White’s results are exactly the same as what Tricon franchisees discovered when co-branding KFCs and Taco Bells. “When we started introducing Taco Bells into KFC in the multi-brand program,” says Gary Masterson, senior director of franchise development for KFC, “we referred to the early program as ‘lick and stick,’ where we just took a KFC and put a Taco Bell sign over the drive thru, changed the pylons from KFC to Taco Bell, and maybe a couple of minor changes to the decor elements, but nothing major. It was just an investment of maybe less than $50,000.
“The impact on sales was nowhere near as great as the current program,” says Masterson. “Today, if you want to build a Taco Bell in a KFC, you have to reskin it.

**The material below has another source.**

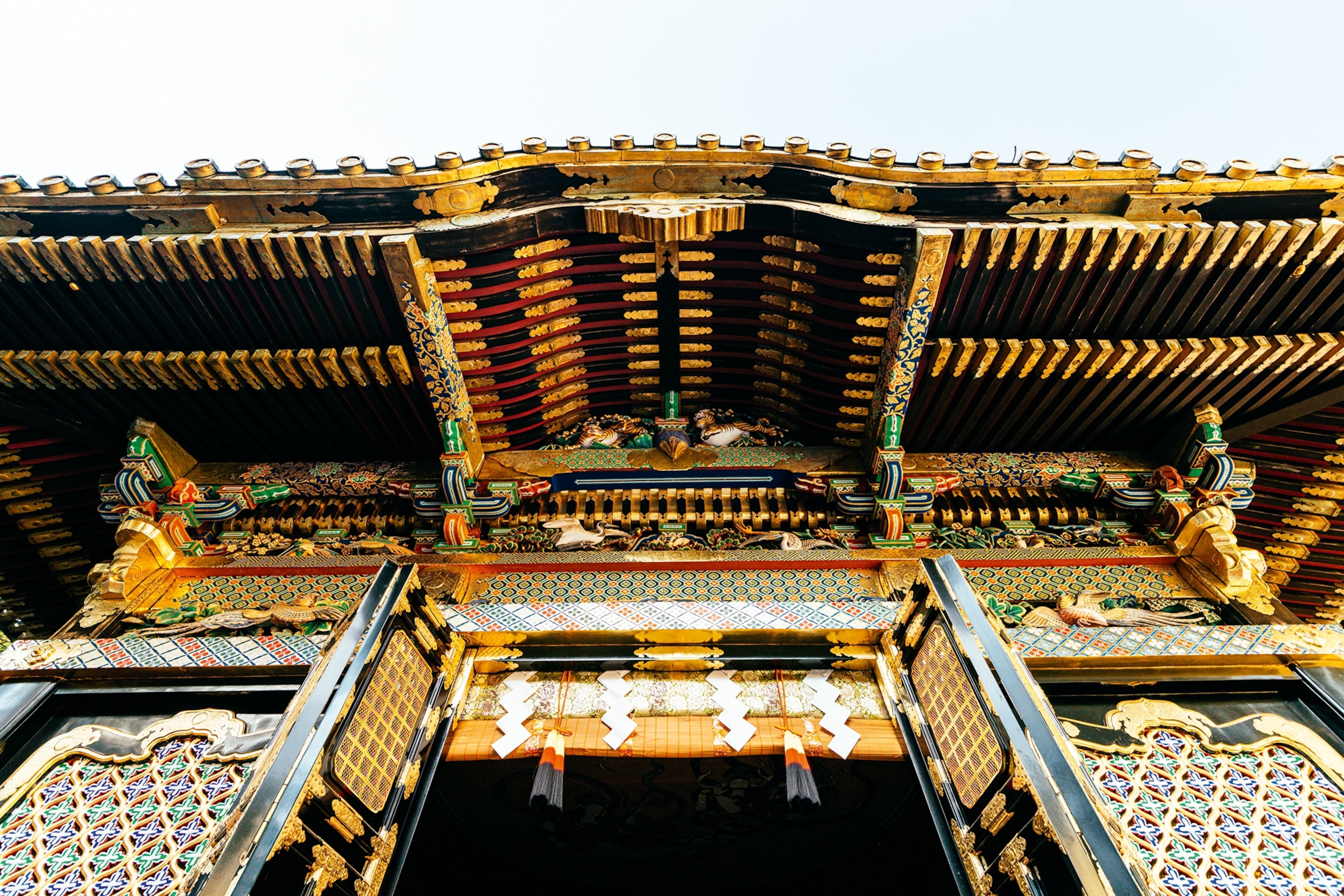 The golden and embellished facade of a Japanese temple shot from below the roof.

You have to tear off the outside of the building and introduce the Series 6000 multibrand look, which is an equal mixture of Taco Bell and KFC. Those restaurants are performing at much higher levels of sales performance than the early ones.”
It would be nice if the story could end here, but co-branding isn’t just about real estate. There’s also the human angle. Combining two brands under one roof is more than simply putting up some appealing signage and attracting a lot more customers to your restaurant. Once those customers arrive, the folks behind the counter have to be able to service the increased demand.

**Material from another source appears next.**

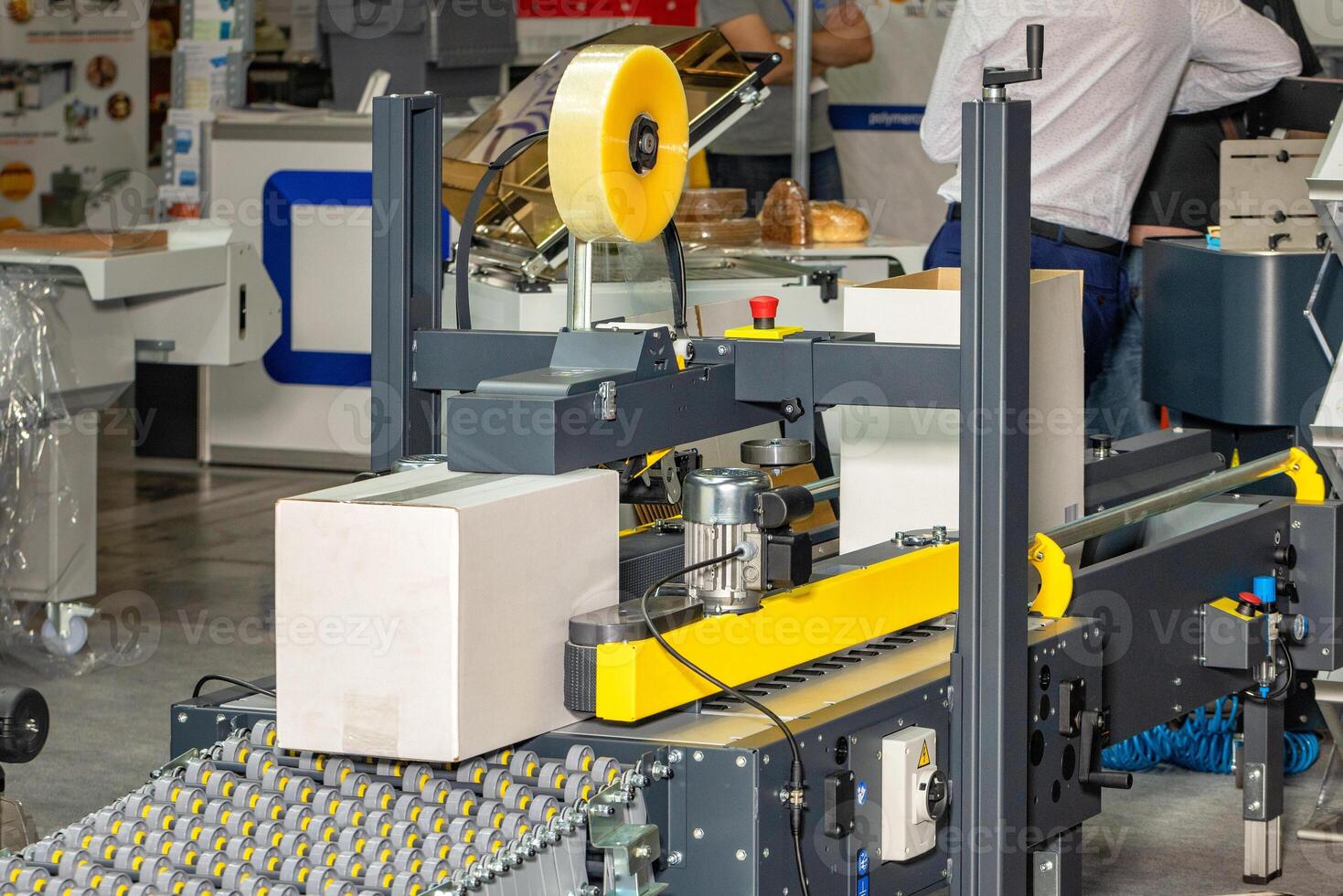 Fragment of an automatic packaging conveyor production line. photo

The article then goes on to discuss the labor issues.
For both Tricon and Yorkshire, operational simplification will not only make a difference from a management perspective, but also at the bottom line. “Intuitively, you would think that if your sales go up 50 percent, your labor percentage ought to really drop dramatically,” says Feltenstein. “But it doesn’t. That is a challenge for us and many others with whom I’ve spoken, to get the labor percentage to drop so you can flow through even more. The fact is you’re flowing through a lot of incremental profits because the sales are so much higher—but it could be even better if we find more efficient ways to manage it so as to take more labor dollars out of the store.”